My only concern is how am I going to to fit everything I have to say about Thackeray and Ireland in 40-45 pages? I'm on 13 and have just covered my intro, his background with Ireland and am just now starting my breakdown of the Irish Sketchbook.  Still need to cover Barry Lyndon, The Great Hoggarty Diamond, his letters & illustrations and the various Irish characters who pop-up throughout the body of his work! I'm trying to have faith, I'm sure it will come together.  At least I'm quite satisfied with my approach and introduction...

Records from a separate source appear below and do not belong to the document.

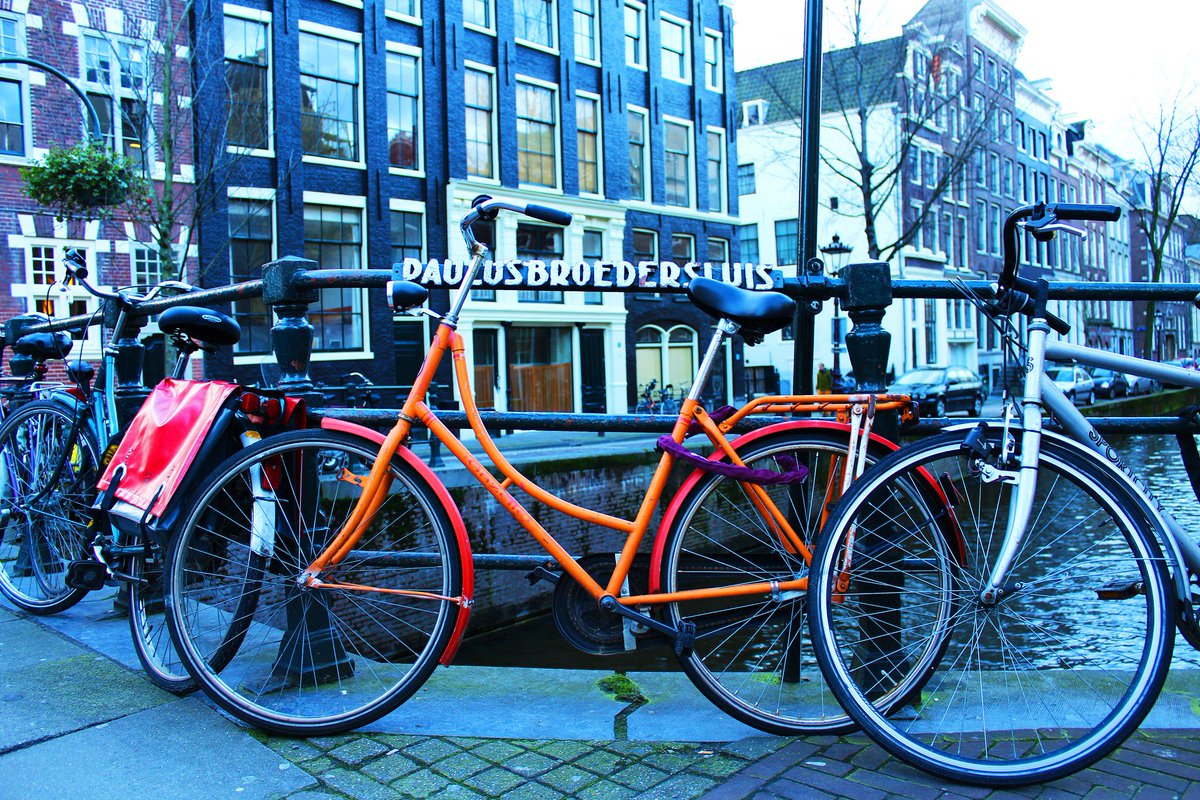 Visitare Amsterdam in bici con soli 13€, ecco come post di Federica Piersimoni -> viaggi-lowcost.info/come-muoversi/… #ComeMuoversi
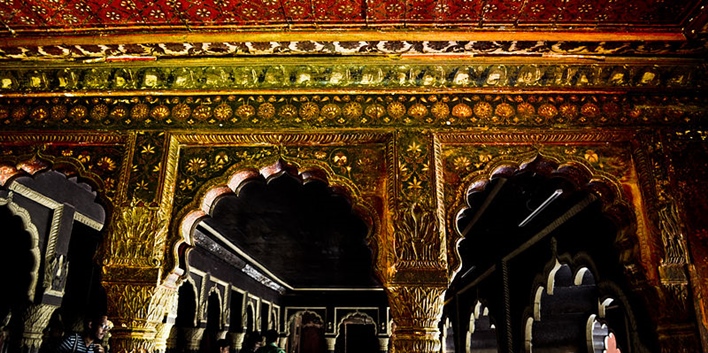 800px-Tipu's_summer_palace_in_Bangalore Bangalore fort, tipu's fort, tipu's summer palce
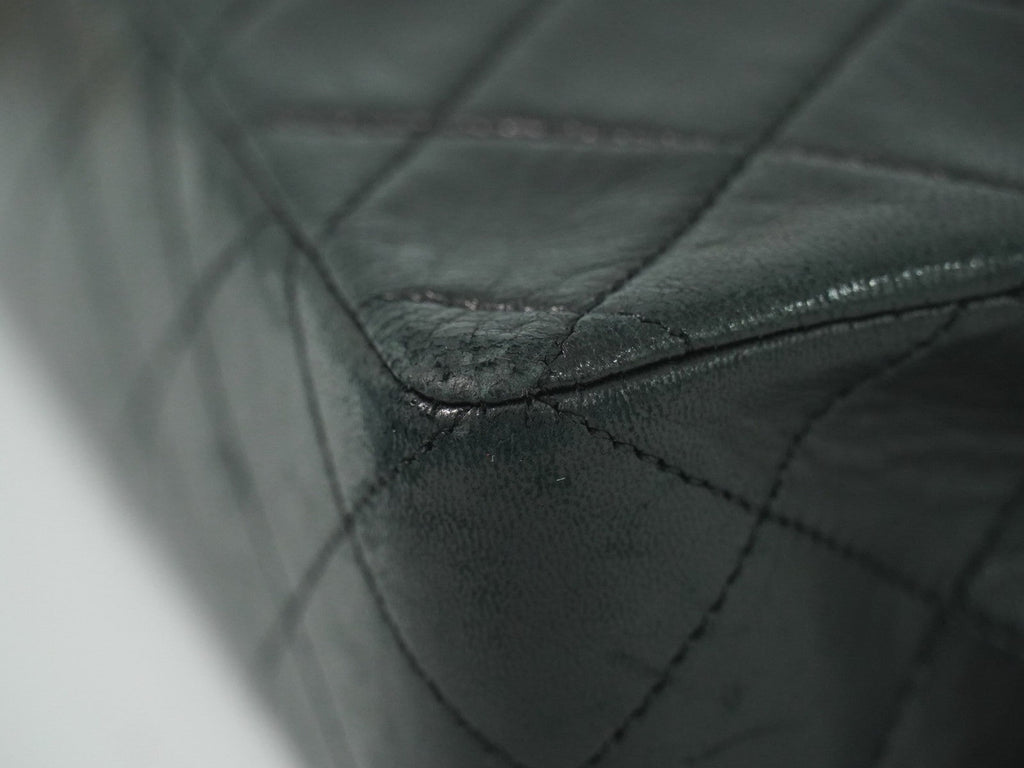 Chanel Vintage Square Classic Single Flap Bag Quilted Leather Black Leather Handbag (Pre-Owned)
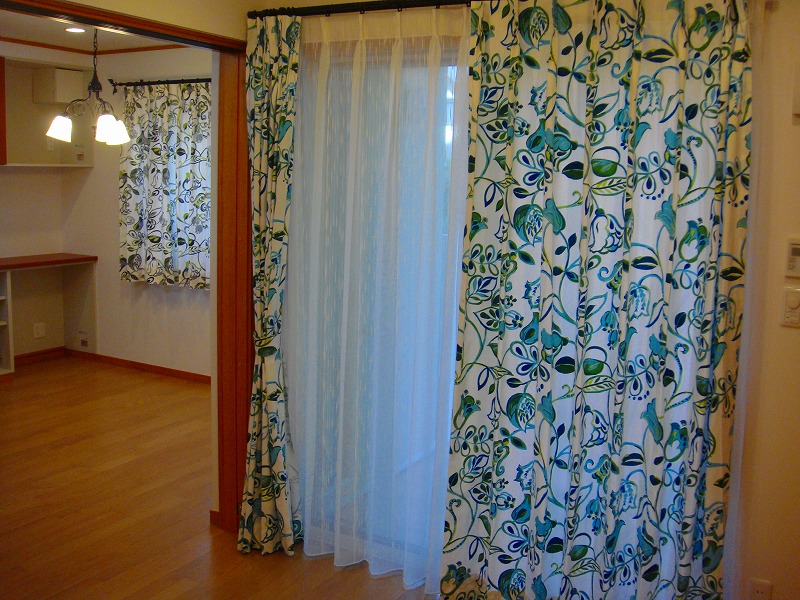 花柄カーテン　イギリスカーテン　青いカーテン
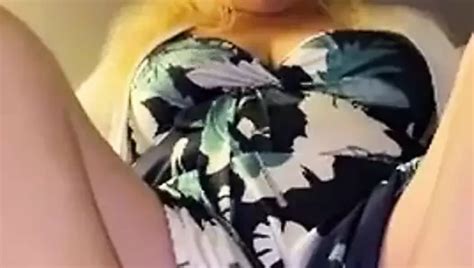 Goddess Rhonda Gives Hot Footjob American Porn XHamster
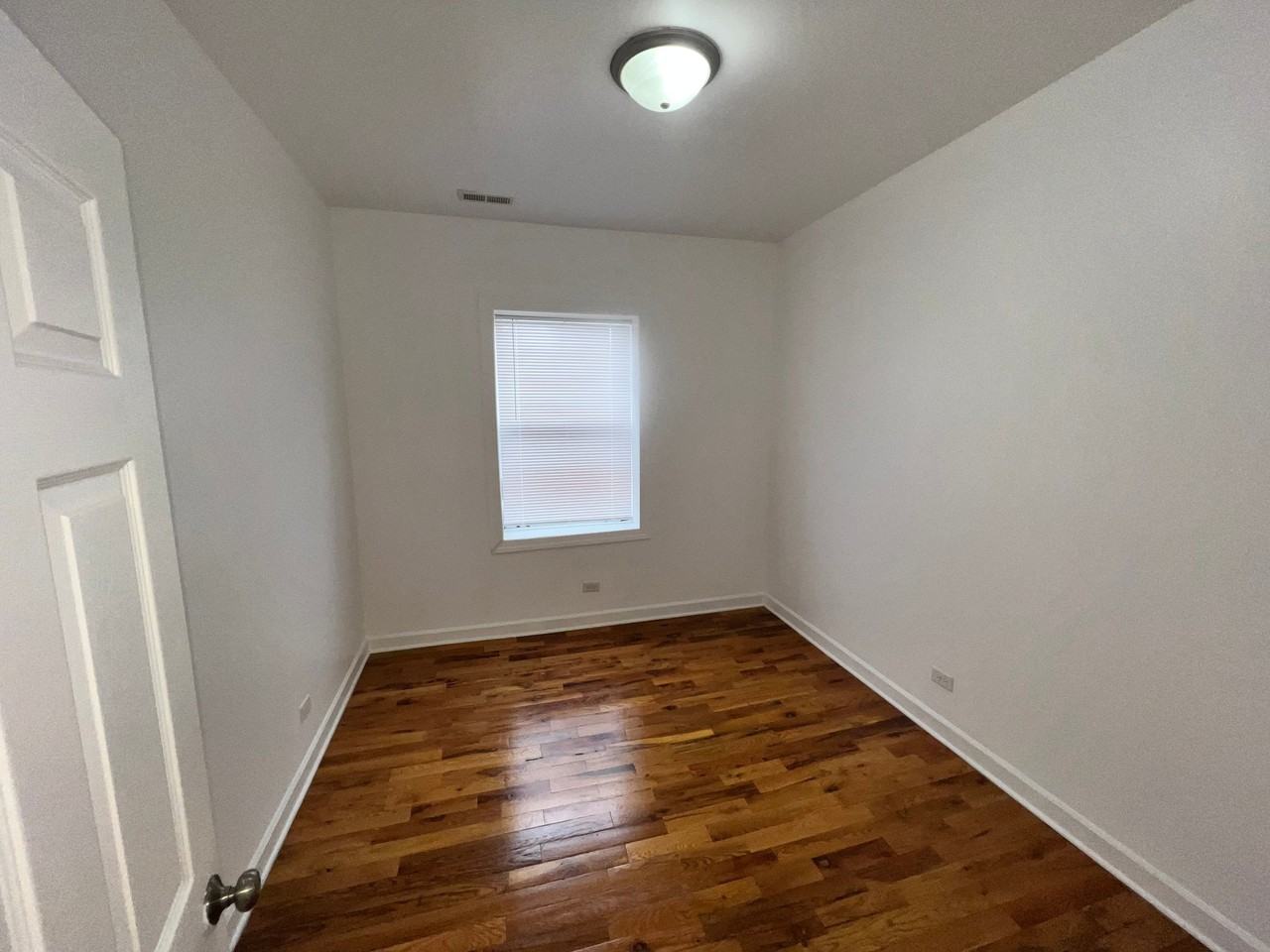 3911 W 14th St #3 - Photo 6 of 18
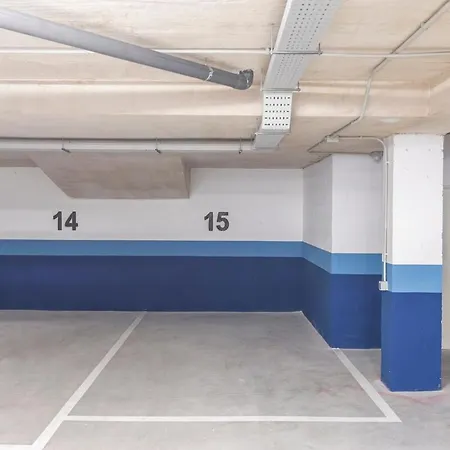 Bhost - Iceberg 아파트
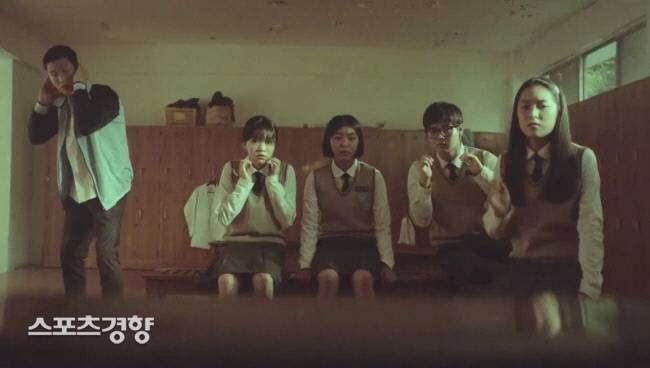 tvN 드라마 ‘홈타운’의 한 장면. 사진 tvN 방송화면 캡쳐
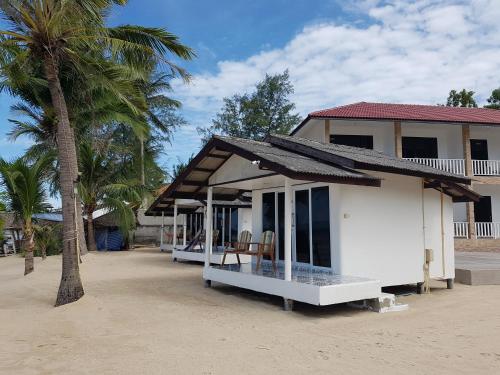 Mac's Bay Resort Room Type - Bungalow - Beach Front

"Thackeray’s writings on Ireland are less straightforward; unlike Edgeworth (whose work he greatly admired) his Irish fictions don’t definitively support English rule; unlike Anne Radcliffe, Charlotte Bronte or Elizabeth Gaskell, he doesn’t clearly denounce Catholicism in favor of Protestantism; unlike Trollope, he reaffirms many Irish stereotypes and where he offers sympathy to struggling Irish persons and characters he likewise attributes blame and criticism.  And just as Thackeray consistently rebukes anti-Catholic sentiment and inspires empathy for Ireland’s impoverished, he reasserts the gamut of derogatory Irish characterizations including drunkenness, laziness, and uncleanliness in both his letters and fictions.  In the realm of Irish literary studies, scholars repeatedly try, and fail, to classify William Thackeray as either Irish sympathizer or colonial supporter.  While his most prominent biographer, Gordon N. Ray, credits his stereotypical depictions of the Irish (and other non-white, non English groups) to Thackeray’s “unfortunate nineteenth century prejudices,” contemporary postcolonial scholars such as Neil McCaw and Laura Berol divide the author from his various narrators and assure us that Thackeray is using irony to cast the blame upon the English reader rather than the Irish target.  However, careful consideration of the bulk of Thackeray’s letters, fictions, articles and illustrations pertaining to Ireland reveals a complex web wrought with English guilt and judgment, criticism of the Irish and denouncement of his own English preconceptions and prejudices.  This rich and complicated “gray area” is consistently overlooked as scholars confine themselves to the realm of his fiction and limit their analysis to the scope of definitive answers.  When his letters and articles are read alongside his fictions, a more developed and conflicted perspective emerges of an Englishman torn between the nationalistic views of his native country and what he observes in Ireland that is incongruous with his established belief system. Thackeray offers conflicting views of both the English and the Irish, as he typically narrates Irish-English conflict as he sees it, with little effort to conform to either nation’s or religious group’s political ideologies."

On a separate note, my heart was in my throat last evening as we drove home from the christening of my cousin's adorable twins--Craig was taking the stage for Philly Fight Night to box it out with another amateur in his weight class, he representing the Law School, the other fighter representing Wharton.  I called my dad as he watched the live video, and learned the fight was called in 47 seconds... because Craig was slaughtering the poor guy!

My dad somehow taped and sent me the video--it was a massacre and I'm beyond proud... maybe I'm a bit twisted! Regardless, my husband's clearly a warrior and I hope this isn't his last time in a boxing ring... 


  1. I am a warrior! Can't wait to see you...

  2. Don't worry about your page limit now and try nto to worry about being a perfectionist. Just get the stuff down on paper and then edit it using the slash and burn approach.

  3. Thanks for the tip!! Who's this :-)?